Yay, chapter four! I actually decided to put it in so fast, because of Tsukikkage234. We had made a deal, that she would update, if I updated. And since she updated so fast, I was getting pretty busy. But I like being busy, cause then I'm not bored...

Just to say something more, I would be very happy if you read and reviewed my other story, "Snowmen", and it's pretty hard to find it on fanfiction. I don't know why, but it just won't come up unless you look into the catagories anime/manga-Jasdevi- Completed stories and so on...

Disclaimer: Well... same as usual. Unfortunetly, I don't own it. And if I did, I would have made Chaoji die, cause I don't like him. He's annoying...


"Jasdero! Debitto!"

My voice sounded like a broken record.

But I knew they wouldn't answer. They were dead, so what could I do?

But I still wanted them to suddenly come from behind and tickle me in that friendly way they used to. But all the things we had experienced together… they were just memories now, I knew.

I could hear the gang talk, but I couldn't hear what they were saying. I could only hear my own thought and regrets. And of course, the scream inside me.

I felt like throwing up, but instead I fell down on my knees.

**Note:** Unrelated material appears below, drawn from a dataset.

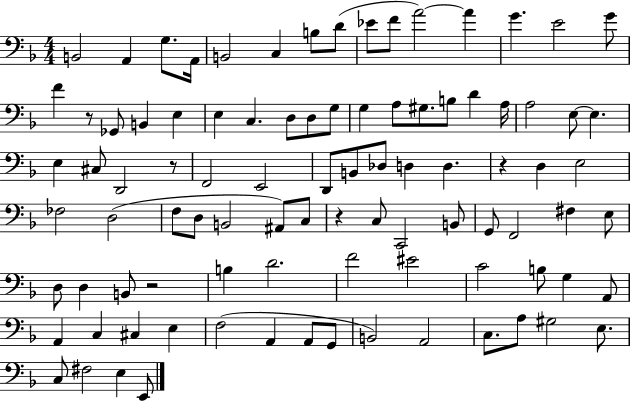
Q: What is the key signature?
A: F major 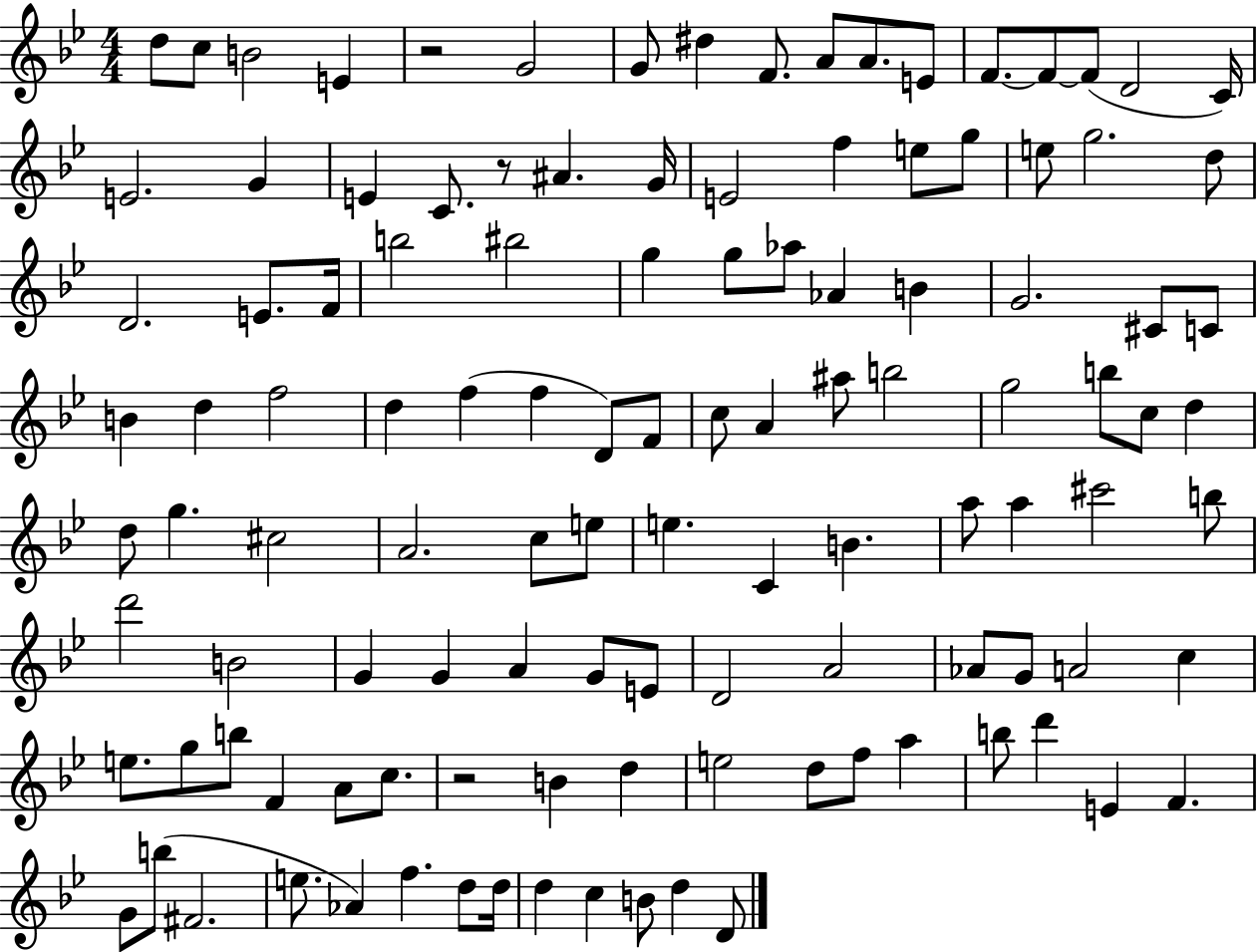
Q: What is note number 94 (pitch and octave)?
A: D5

My head was looking up in nothing but a grey sky. I could feel my long hair sticking to my face; because of how wet it was by the rain.

Now, I would have nothing to live for. Now, I didn't have any friends again.

A thought more…

Suicide…

How stupid of me, to think I could ever live a happy life. Why had I been so naïve, thinking that they would keep me alive? That they would love me, like nobody else had ever done.

Life hurts like hell. That's for sure, and that's why I hated it. I hated the way life was going, so why should I even live, just to feel the pain?

Footsteps… they were coming closer.

A voice…

More voices…

The scream inside me, and the regrets…

I should have been the dead one. The one, who had fallen down from the building. Not them.

They had not deserved it. They had not deserved to be thrown down from a building, because of me.

"Hey, cutie. Wanna do something together with me?"

He came closer.

But suddenly… I could feel something. I could feel something burn inside me, like fire.

I wanted to have them back, but the one who killed them…

"It's you…"

He looked confused for a moment. The leader, with the green and black hair. "Huh?"

"It's you!" I stood up, and walked toward him.

I then took him by his shirt. "You killed them! You killed them, you fucking idiot."

I really couldn't control anything inside me now. I just wanted to have them back, and I couldn't. So I just wanted him to feel the same pain as me. I wanted him to regret too… to regret that he killed them.

"Hey, bitchy! What the hell do you think you're doing!"

I could feel someone grabbing me from behind, but I was still looking the leader in the eyes. I madly turned around, and made him lose his grasp. The redhead still had the bite marks on his hand, and I think that made him fear me.

Then I could feel a hand around my waist and a head on my shoulder. "I love stubborn girls. I think that makes you even hotter, and that makes me want to do things to you."

I could feel myself getting scared now. I hated fear, but what could I do about this? He was so strong, and I was just a normal human girl. But I was getting raped, and that made me scared. I didn't want to get raped. I had heard of so many teenage girls being out for that, and then getting killed by the person. Would I just end up like one of them?

But then again…

Maybe I should just go to hell and die… because I deserved it…

Then I thought about Jasdero and Debitto again, and that made the fire burn again inside me. So I finally shook his hands off me and made him lose his grasp.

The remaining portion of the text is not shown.